Navaswara.com – Di tengah lumpur, genangan air, dan jalan yang terputus akibat banjir bandang, sejumlah mobil tangki bergerak perlahan menembus jalur darurat menuju Bireuen. Mesin meraung pelan, waktu berjalan lambat, namun satu tujuan tak berubah: memastikan energi tetap mengalir bagi masyarakat yang sedang berjuang memulihkan kehidupan.
PT Pertamina (Persero) melalui Pertamina Patra Niaga berhasil menyalurkan Bahan Bakar Minyak (BBM) ke wilayah Bireuen, Aceh, yang sempat terisolasi akibat banjir bandang yang melanda sejumlah wilayah di Aceh, Sumatra Utara, dan Sumatra Barat pada akhir November 2025. Penyaluran dilakukan meski akses utama menuju wilayah tersebut lumpuh total.
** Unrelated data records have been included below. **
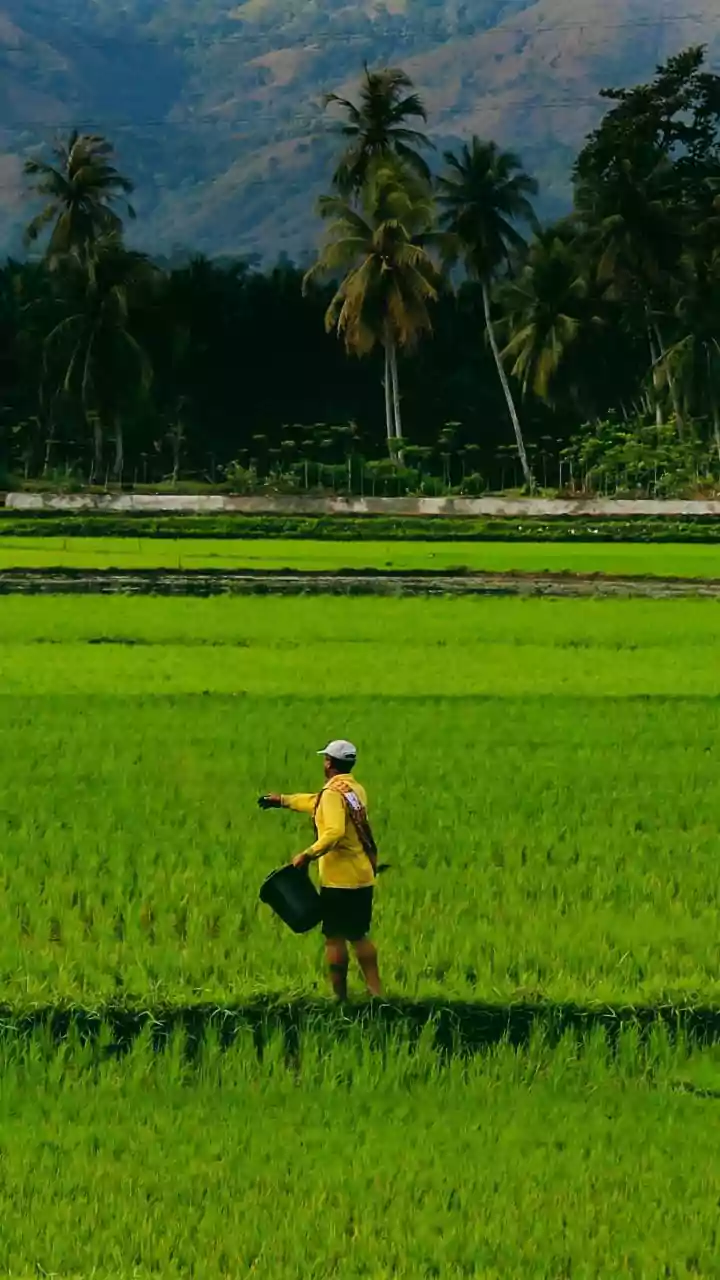 How Maharashtra Village Farmers Boost Crop Yields Using Solar Micro-Pumps
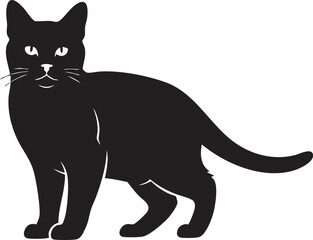 Black cat standing alert silhouette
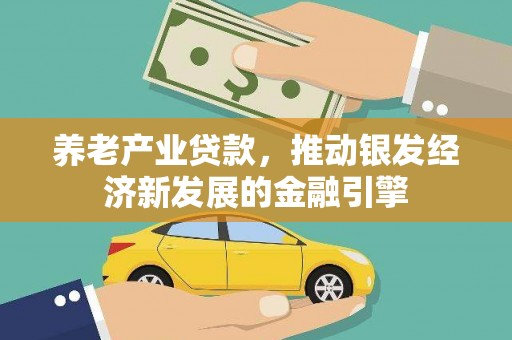 阳山养老产业贷款，推动银发经济新发展的金融引擎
Terputusnya jalur distribusi menyebabkan stok BBM di sejumlah SPBU di Bireuen menipis dan berpotensi mengganggu aktivitas masyarakat. Merespons kondisi tersebut, Pertamina mengaktifkan skema jalur darurat guna menjaga keberlanjutan distribusi energi.
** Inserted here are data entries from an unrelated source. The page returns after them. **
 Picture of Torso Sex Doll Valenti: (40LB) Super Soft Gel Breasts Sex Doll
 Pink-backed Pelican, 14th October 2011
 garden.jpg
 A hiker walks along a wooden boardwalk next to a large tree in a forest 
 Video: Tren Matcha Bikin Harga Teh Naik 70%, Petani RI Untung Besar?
Penyaluran BBM dilakukan menggunakan suplai dari Fuel Terminal Krueng Raya, Aceh, setelah jalur utama dari Fuel Terminal Lhokseumawe tidak dapat dilalui. Bahkan, jalur darurat utama pun mengalami gangguan akibat jembatan terputus karena material lumpur dan kayu, sehingga distribusi harus melalui rute alternatif dengan tingkat risiko tinggi.
Di lapangan, pengiriman BBM didukung oleh relawan awak mobil tangki (AMT) Pertamina Patra Niaga yang tetap menjalankan tugas dengan mengedepankan keselamatan. BBM yang dikirim mayoritas berupa Pertalite dan Biosolar untuk memenuhi kebutuhan transportasi, logistik, serta layanan publik di wilayah terdampak.
Salah satu AMT, Muzammil (43), mengungkapkan bahwa penugasan ini memiliki makna lebih dari sekadar pekerjaan rutin. Ia menyebut, perjalanan yang dilalui penuh tantangan, mulai dari genangan air hingga kondisi jalan rusak parah.
“Perjalanannya tidak mudah, tetapi kami diberikan kepercayaan untuk membantu masyarakat yang terdampak. Itu yang membuat kami tetap bertahan,” ujarnya.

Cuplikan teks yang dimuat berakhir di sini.